Follow-up Round (Qualitative Contest)
After the end of the Marathon Match, we will conduct a follow-up round in which we will welcome all the members (who submitted to this match) to participate and provide a scientific explanation and/or support to their solutions. The exact start time and the place of submission will be conveyed in the forums during the marathon match.
The top three submissions in this contest will be awarded following prizes based on how much scientific relevance the solutions have.
- 1st place: $2,200
- 2nd place: $1,300
- 3rd place: $900
Please Note: The prizes in this contest will be awarded independent of your position in the match. Hence if you did not achieve top 4 score in MM but your submission is deemed scientifically more relevant, then your submission has a great chance to win a prize in this contest.

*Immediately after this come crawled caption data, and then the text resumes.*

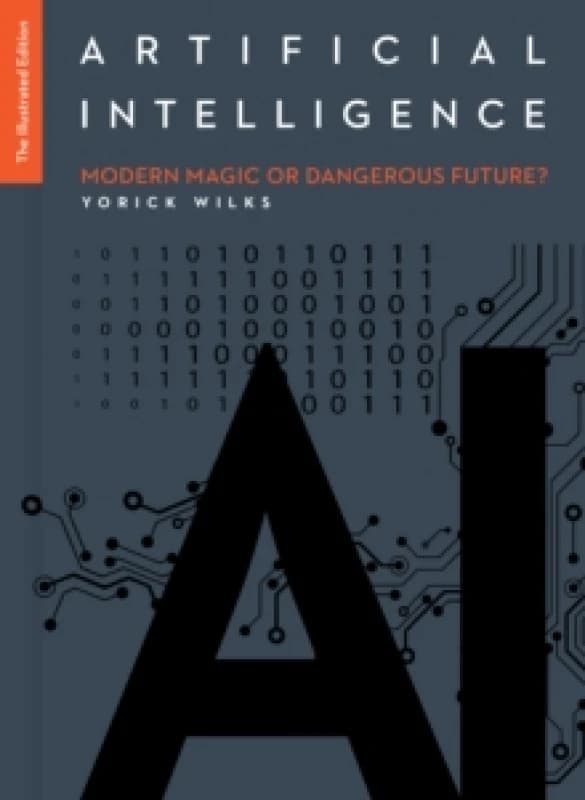 Artificial Intelligence: The Illustrated Edition Hardback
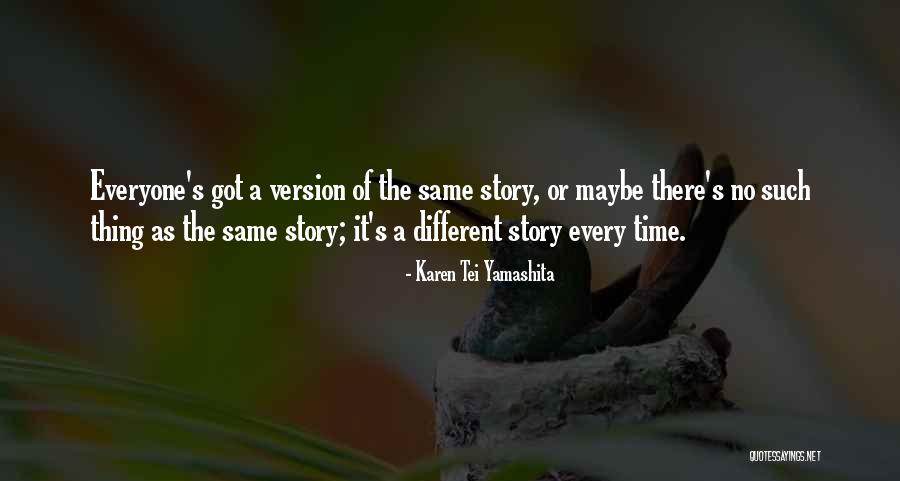 Karen Tei Yamashita Quotes 1200226 Karen Tei Yamashita Quotes 1200226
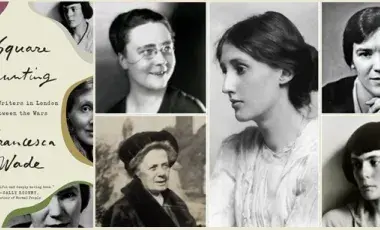 Image of Cover of "Square Haunting" by Francesca Wade, and portraits of Dorothy Sayers, Virginia Woolf, Eileen Power, Hilda Doolittle, and Jane Ellen Harrison.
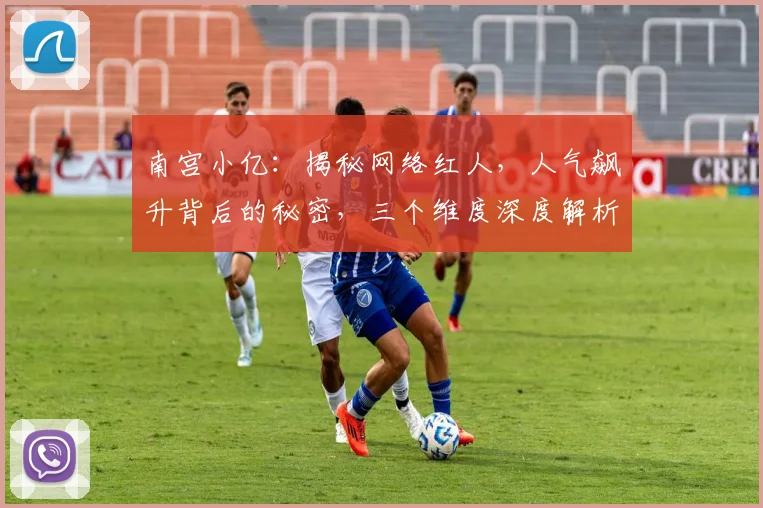 南宫小亿：揭秘网络红人，人气飙升背后的秘密，三个维度深度解析，不容错过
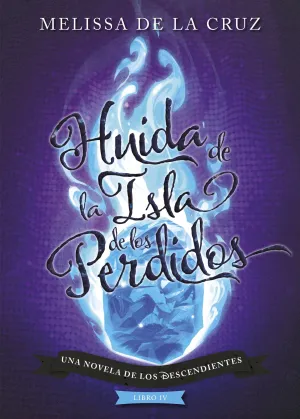 Los Descendientes 4. Huida de la Isla de los Perdidos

The purpose of this contest is to encourage you to build your model and algorithm in such a way that it is able to capture and use the biological and scientific aspect of the information provided by the data. We want to understand how the scientific aspect of the data contributed to the predictions of the toxicity level. This would help us to answer larger questions like how well these machine learning models would serve and how reliable these predictions can be considered in real-world scenarios dealing with biological topics like toxicity level.
Hence, in this contest, we would like you to submit a document explaining various aspects of your solution and thereby addressing several questions like:
Was your model completely numerical-driven? Or did it consciously use some scientifically relevant information?
What kind of feature combinations did you use? Can you explain the reason for your choices and how they fared better than other features?
What kind of correlations were observed between data available in different files?
If your model was completely numerical-driven (that is just giving good prediction based on values), why was it difficult to find the correlation between semantics of various columns?
These are just few examples and we will convey more details about this contest in the forums in next few days.